* [What to work on]:
Down to the last line, set down the listing below exactly, apart from its pictures.

(Source records Opens)

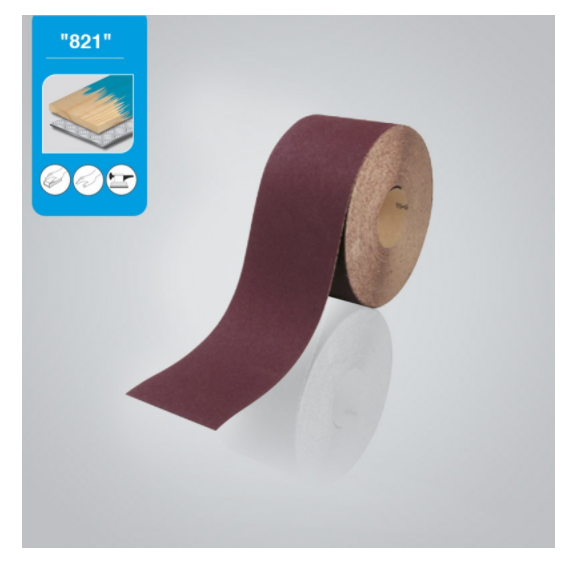 LEMAN - Rouleau Papier Brun Corindon (différents Grains) 1 LEMAN - Rouleau Papier Brun Corindon (différents Grains)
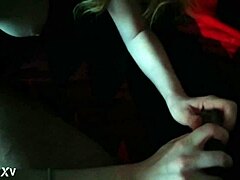 Interracial classmates share home video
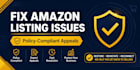fix amazon listing issues and craft winning policy appeals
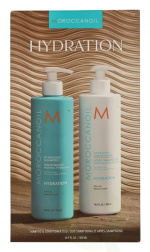 Moroccanoil Hydration Set 1000 ml Shampoo 500ml/Conditioner 500ml
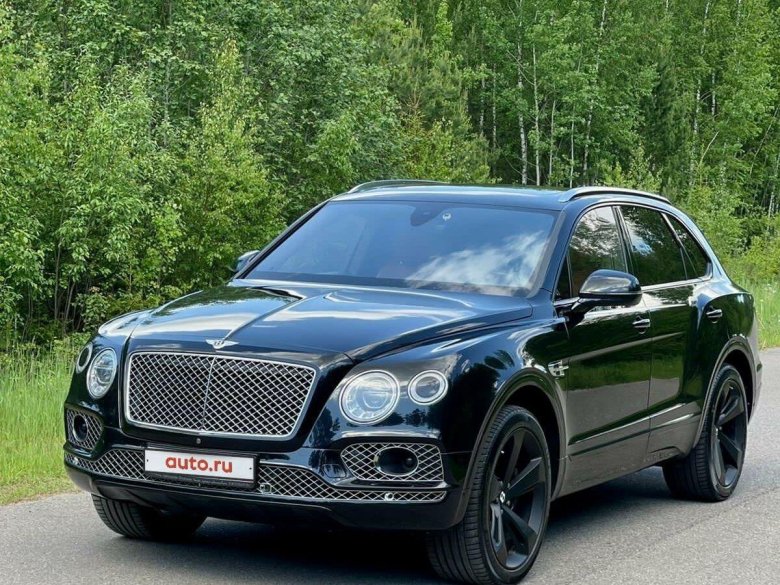 Bentley bentayga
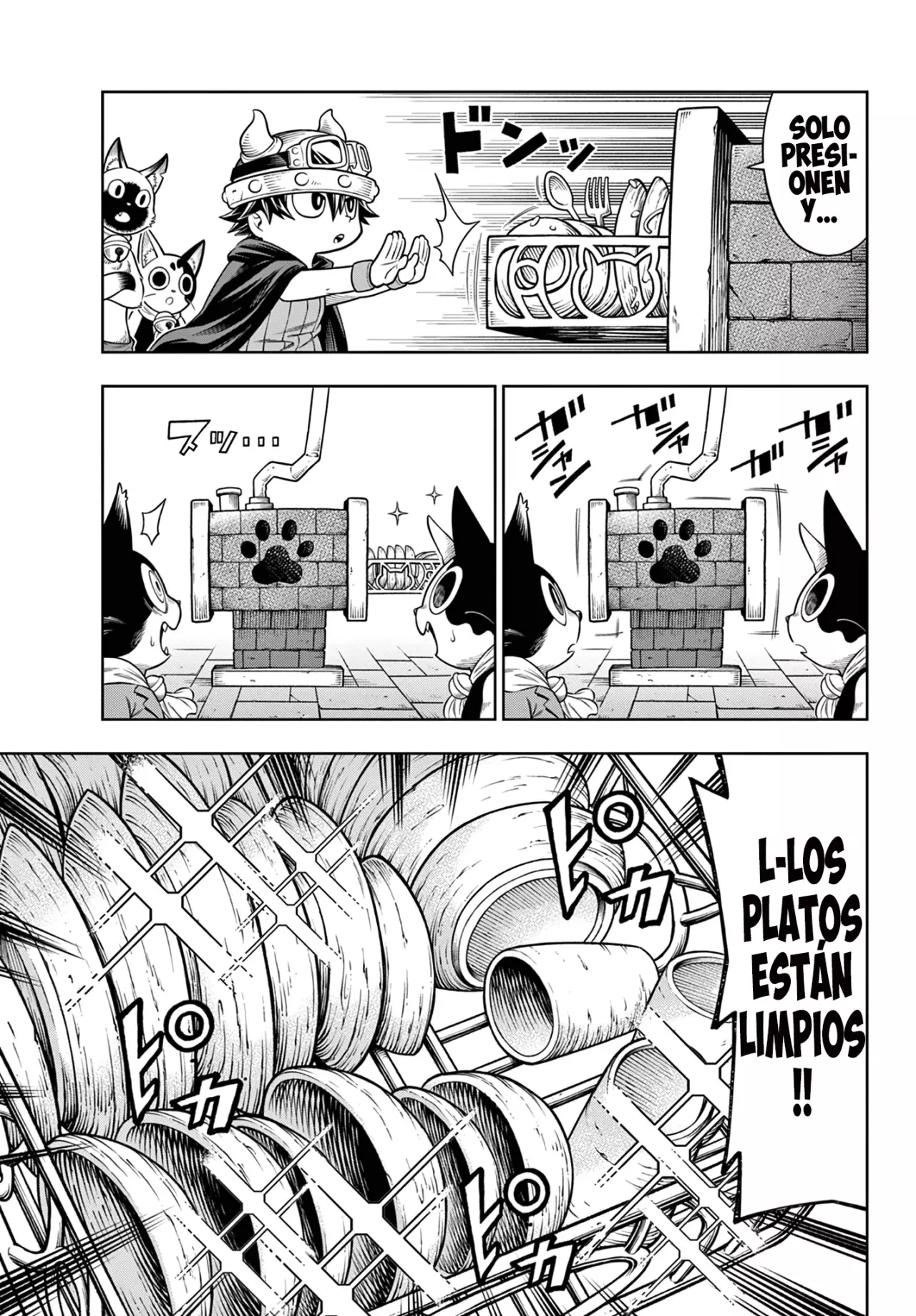 Soara To Mamono No Ie capítulo 14 página 16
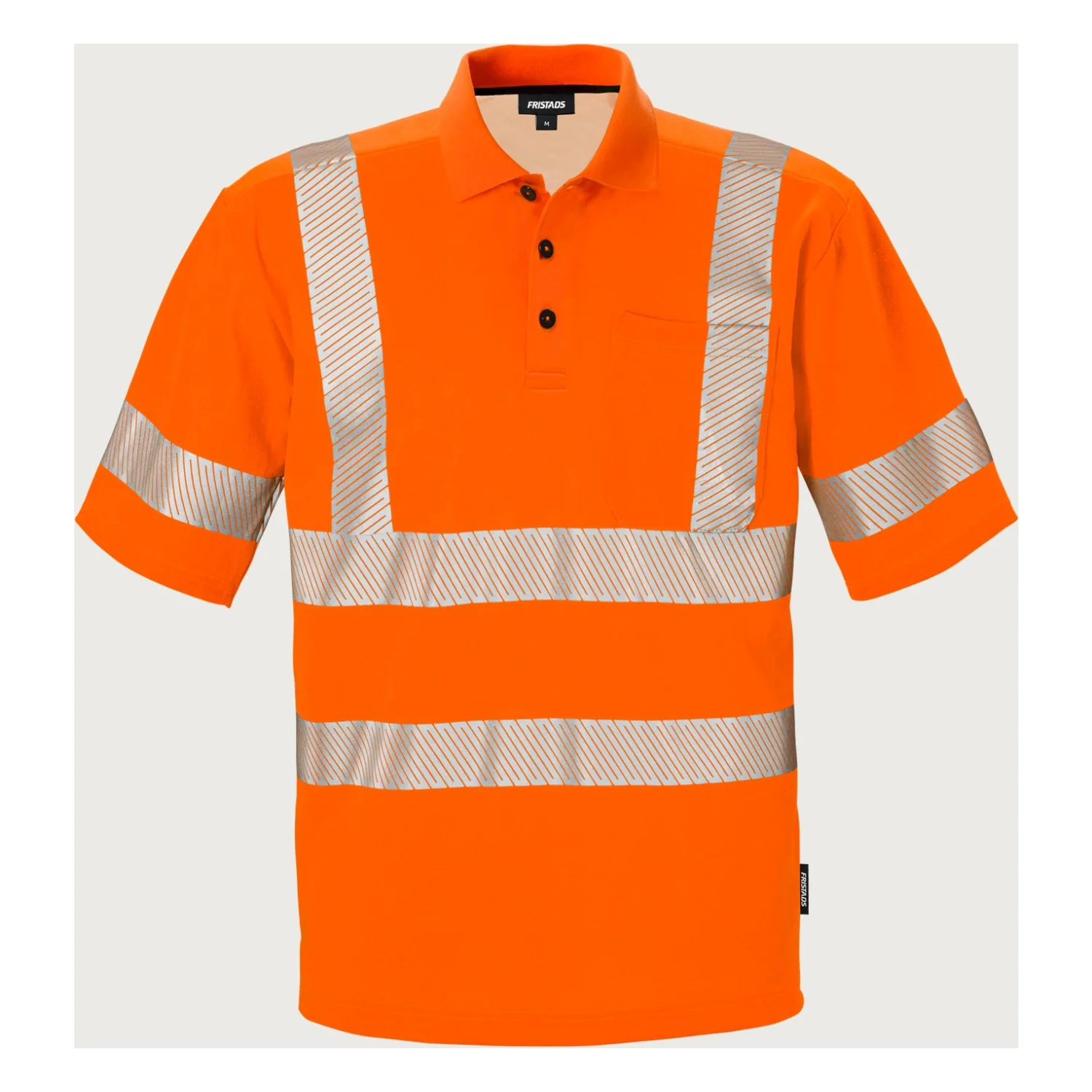 Fristads High vis ingpóló class 2 7406 GPHV Hi-Vis narancssárga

(Source records Closes)

* [Written solution]:
 LEMAN - Rouleau Papier Brun Corindon (différents Grains) 1 LEMAN - Rouleau Papier Brun Corindon (différents Grains)
 Interracial classmates share home video
fix amazon listing issues and craft winning policy appeals
 Moroccanoil Hydration Set 1000 ml Shampoo 500ml/Conditioner 500ml
 Bentley bentayga
 Soara To Mamono No Ie capítulo 14 página 16
 Fristads High vis ingpóló class 2 7406 GPHV Hi-Vis narancssárga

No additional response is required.